About Data, Files and Protocols

This post is currently a draft, it’s not yet finished and will be reworked.

Today I want to write a bit about a theoretical approach to file, formats, packets, data and memory. This is the second time, I start writing this post, since the thing i’m trying to present is still evolving in my head.

This post will be about data. Not any specific data, just data in general. What I mean by data is nothing else than information, or more theoretically entropy, chaos. It’s numbers, texts, statistics, programs, music, video, webpages, and much more.

One single piece of data is pretty boring. The number 2374552 for example, is a piece of data, but there is not much you can do with that on its own. Data becomes interesting when you have multiple related pieces of information.

Data-Types

This is where we need to introduce the term data-type: A data-type describes what kind of information you are dealing with. There are some “prime” data-types you can find in most programming languages, for example an integer-data-type or a boolean-data-type.

Now in addition to these prime data-types, we have constructed data-types. These data-types can be described as data-structures, and consist of different members, each for a specific purpose. One example would be a date. It is composed of three numbers for the year, the month and the day.

In C++ and other programming languages, we know them as structs or classes, although classes are a principle of object-oriented programming and used with different intensions, even though they are technically the same.

Data-Collections

There is a third kind of data-type: The data-collection, which may sound very simple, but is actually responsable for a ton of difficulties in programming, caused by its requirements and implications. There are two aspects which define what kind of data-collection we deal with. The first is the way the collection is accessed, and the second is the data-types it accepts as its items.

Collections have a fixed or variable size. I can not think of a sensible application of fixed-size collection-types, which do not use a numeric index. Variable size collections are different.

It is perfectly fine to have a variable size collection where only one element can be read at any time. An example would be a stack (FILO) or queue (FIFO). There is also the possibility of linked or double-linked lists, which do not have indices.

The next step up would be numerically-indexed variable-sized collections, such as a vector (basically a stack where every item can be accessed), binary trees, and whatever you can come up with to use a number as an identifier. These make inserting more difficult, since you might be forced to updated many indices when inserting an item in the middle. There is also a difference between continuously-indexed collections (e.g. c++ arrays) and collections that allow gaps in their indexing.

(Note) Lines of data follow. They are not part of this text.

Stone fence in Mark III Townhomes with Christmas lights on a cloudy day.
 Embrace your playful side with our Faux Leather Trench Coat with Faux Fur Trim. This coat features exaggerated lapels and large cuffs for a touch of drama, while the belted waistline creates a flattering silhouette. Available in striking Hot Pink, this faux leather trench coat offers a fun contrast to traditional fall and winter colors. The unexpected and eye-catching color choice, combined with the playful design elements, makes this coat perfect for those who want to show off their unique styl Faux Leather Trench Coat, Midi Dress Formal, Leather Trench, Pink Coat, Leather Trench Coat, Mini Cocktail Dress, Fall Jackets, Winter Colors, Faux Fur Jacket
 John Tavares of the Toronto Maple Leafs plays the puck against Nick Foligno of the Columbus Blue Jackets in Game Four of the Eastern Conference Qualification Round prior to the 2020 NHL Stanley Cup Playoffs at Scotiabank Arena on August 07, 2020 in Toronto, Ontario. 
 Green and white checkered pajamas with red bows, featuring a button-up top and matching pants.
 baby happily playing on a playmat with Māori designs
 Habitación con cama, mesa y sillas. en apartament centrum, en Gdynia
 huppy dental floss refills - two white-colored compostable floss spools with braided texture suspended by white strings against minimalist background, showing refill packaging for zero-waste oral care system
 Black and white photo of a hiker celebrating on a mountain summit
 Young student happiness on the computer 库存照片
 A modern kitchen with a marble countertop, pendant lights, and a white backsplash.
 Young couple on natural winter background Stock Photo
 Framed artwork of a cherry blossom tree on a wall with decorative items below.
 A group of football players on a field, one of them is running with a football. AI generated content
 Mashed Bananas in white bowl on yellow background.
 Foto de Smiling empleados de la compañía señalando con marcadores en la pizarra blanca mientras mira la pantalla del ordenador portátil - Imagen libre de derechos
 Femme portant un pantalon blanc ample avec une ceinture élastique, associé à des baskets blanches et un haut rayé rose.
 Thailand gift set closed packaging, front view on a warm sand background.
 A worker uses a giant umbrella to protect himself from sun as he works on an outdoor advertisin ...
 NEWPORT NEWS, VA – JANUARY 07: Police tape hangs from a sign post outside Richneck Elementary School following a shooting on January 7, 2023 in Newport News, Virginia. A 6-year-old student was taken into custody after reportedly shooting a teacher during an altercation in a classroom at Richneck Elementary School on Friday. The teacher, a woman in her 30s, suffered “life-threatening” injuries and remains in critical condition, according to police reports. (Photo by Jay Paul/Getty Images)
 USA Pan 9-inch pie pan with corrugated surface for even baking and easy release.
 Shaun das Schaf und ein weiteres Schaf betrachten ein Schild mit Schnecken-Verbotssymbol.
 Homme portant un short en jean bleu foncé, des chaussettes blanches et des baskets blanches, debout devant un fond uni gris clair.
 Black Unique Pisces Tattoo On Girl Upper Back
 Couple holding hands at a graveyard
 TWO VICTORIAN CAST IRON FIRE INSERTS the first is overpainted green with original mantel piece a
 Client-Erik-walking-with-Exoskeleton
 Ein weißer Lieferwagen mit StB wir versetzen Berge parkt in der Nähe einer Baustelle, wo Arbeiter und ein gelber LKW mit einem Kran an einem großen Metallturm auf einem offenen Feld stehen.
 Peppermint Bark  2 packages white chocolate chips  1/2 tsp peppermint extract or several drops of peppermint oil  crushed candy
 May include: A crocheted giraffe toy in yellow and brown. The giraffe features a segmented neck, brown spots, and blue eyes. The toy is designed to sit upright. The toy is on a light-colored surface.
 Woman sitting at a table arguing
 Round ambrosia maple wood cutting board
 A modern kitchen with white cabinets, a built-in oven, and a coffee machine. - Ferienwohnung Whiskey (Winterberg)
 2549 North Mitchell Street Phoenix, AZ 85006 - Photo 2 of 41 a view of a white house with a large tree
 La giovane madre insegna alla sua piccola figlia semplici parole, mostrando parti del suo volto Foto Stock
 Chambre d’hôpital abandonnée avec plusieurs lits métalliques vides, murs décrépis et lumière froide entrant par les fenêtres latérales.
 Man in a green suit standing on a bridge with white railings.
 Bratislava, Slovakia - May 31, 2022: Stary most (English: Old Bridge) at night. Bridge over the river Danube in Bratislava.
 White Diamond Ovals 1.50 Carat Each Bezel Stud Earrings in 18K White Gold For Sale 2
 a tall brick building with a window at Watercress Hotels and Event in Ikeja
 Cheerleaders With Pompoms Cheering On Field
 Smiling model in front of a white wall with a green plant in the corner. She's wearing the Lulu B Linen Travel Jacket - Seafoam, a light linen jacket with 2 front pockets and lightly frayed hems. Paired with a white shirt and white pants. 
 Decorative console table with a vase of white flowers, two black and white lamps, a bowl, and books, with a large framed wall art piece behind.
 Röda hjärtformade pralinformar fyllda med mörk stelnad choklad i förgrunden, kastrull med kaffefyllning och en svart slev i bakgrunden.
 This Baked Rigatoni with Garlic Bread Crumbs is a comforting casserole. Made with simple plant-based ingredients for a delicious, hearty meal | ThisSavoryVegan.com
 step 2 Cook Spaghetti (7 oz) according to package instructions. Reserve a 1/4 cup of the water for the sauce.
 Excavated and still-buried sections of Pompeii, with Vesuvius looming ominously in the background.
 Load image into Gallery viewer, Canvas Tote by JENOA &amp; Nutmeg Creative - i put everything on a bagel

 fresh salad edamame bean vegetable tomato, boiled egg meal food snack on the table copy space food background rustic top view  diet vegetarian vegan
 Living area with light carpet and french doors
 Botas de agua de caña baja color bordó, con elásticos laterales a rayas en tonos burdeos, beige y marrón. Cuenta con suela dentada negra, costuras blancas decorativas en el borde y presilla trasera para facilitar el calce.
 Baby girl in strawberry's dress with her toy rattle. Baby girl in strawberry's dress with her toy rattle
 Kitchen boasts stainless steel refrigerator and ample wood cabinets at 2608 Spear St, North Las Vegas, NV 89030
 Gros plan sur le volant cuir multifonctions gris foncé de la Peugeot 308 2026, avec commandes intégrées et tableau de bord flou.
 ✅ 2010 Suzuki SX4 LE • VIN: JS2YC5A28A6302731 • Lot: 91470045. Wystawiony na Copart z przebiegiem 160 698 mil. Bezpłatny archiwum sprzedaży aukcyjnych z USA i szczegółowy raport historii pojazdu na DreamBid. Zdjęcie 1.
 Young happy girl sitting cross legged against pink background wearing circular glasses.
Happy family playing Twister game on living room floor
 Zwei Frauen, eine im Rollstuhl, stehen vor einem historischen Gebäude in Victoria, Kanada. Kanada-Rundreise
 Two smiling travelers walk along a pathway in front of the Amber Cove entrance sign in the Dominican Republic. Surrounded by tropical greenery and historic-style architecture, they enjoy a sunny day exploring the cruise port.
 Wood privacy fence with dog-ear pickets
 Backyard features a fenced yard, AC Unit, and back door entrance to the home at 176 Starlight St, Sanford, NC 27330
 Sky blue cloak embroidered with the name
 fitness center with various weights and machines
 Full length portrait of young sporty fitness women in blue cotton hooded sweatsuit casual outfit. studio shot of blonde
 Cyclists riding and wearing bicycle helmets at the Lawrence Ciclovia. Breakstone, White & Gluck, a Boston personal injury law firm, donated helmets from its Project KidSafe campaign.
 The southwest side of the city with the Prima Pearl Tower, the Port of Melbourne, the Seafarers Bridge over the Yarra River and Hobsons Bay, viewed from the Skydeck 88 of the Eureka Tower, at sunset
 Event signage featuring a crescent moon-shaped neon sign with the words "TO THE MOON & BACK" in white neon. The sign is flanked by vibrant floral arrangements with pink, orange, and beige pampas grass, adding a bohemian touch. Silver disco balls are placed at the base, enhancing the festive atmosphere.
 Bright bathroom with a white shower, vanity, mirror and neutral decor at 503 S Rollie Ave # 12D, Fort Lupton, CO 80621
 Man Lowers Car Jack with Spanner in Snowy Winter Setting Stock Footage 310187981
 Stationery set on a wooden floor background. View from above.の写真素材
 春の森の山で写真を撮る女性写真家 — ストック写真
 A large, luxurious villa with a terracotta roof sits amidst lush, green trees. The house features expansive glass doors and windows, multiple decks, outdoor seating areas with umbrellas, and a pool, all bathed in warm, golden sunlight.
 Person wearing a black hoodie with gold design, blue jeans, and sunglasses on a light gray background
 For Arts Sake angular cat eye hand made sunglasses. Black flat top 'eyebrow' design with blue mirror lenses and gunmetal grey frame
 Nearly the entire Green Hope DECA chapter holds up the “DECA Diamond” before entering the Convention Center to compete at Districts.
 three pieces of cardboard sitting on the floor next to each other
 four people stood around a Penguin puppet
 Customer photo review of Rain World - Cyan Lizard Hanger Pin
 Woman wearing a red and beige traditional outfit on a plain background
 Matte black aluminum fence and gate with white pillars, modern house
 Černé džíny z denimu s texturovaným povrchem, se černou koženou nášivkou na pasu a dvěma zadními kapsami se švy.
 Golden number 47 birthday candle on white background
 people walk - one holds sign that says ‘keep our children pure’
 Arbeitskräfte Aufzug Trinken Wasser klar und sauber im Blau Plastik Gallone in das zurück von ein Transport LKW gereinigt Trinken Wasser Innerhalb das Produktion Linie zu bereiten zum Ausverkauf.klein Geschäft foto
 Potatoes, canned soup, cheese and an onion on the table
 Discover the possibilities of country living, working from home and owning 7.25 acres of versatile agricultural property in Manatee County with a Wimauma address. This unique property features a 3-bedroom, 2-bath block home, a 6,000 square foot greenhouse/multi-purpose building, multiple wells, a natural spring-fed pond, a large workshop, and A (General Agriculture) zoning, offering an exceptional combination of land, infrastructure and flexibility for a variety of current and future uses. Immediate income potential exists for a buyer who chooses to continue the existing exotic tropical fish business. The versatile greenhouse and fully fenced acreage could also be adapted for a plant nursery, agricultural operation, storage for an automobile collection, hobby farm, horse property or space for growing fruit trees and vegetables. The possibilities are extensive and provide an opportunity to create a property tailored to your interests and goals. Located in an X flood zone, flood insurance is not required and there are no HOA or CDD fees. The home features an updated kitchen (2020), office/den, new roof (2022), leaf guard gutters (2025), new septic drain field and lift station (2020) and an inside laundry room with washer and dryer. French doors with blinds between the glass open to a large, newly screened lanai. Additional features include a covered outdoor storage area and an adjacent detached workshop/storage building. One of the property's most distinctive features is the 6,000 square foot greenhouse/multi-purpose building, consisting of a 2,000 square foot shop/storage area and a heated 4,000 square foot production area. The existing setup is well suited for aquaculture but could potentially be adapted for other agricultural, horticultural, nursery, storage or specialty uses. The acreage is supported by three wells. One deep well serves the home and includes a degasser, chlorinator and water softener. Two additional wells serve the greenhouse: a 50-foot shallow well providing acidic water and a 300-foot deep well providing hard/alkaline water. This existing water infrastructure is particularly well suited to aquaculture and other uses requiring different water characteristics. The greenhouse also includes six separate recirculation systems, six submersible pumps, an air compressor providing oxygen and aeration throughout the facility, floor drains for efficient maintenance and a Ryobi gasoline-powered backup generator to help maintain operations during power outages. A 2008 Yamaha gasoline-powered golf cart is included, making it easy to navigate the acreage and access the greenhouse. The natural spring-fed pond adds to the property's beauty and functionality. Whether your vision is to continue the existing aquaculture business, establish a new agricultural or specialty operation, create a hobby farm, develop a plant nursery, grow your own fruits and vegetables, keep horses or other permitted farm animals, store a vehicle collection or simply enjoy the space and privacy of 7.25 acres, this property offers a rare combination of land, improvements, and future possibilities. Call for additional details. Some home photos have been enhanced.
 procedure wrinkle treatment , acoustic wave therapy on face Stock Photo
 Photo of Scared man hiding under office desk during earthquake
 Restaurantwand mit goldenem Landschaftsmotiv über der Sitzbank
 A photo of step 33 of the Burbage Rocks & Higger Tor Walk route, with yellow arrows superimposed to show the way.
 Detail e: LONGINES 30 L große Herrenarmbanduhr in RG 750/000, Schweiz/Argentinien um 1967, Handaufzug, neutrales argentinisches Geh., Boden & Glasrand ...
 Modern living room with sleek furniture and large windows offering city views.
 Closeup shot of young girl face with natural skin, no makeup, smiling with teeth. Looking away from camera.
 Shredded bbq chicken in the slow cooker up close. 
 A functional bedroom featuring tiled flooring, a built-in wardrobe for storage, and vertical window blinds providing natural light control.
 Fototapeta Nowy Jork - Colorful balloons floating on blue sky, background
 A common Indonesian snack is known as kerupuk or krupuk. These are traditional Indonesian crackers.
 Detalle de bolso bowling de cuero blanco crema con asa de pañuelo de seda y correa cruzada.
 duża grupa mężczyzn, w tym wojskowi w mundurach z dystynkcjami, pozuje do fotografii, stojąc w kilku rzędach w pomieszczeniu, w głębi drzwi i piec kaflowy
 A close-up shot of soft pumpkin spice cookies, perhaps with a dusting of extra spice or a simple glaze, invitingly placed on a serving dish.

Next, we have non-numerically-indexed variable-sized collections, where for example a string is used as a key to identify the object. This may be optimised using hashing functions and advanced search mechanics, but it makes the whole process more difficult.

Describing the types of items a collection accepts is pretty simple. The way to define that programatically may be different depending on the system you use. Generally, a collection will accept a specific data-type, and every data-type that inherits from it. In more complicated cases like DTD, it might accept more than one data type.

Now it is also possible, that a data-collection is a data-structure too. This is called for when a structure has one primary set of items, and some other members attributes. In cases where there is more than one collection of items in a structure, that is most likely a data-structure owning multiple data-collections.

A HTML container is one example of a data-type that has both items and members (attributes). The html element itself has a head and a body member which are collections, leaving the html element itself as a plain data-structure.

Ownership

When we define data-types following the rules above, and then create a value of one data-type, we have (in most cases) a tree of nested values, where each leaf is a prime data-type. In this case, every node is the owner of its children. But in some cases, this might be less than ideal, creating data-redundancy, which makes the data hard to manipulate, and otherwise work with.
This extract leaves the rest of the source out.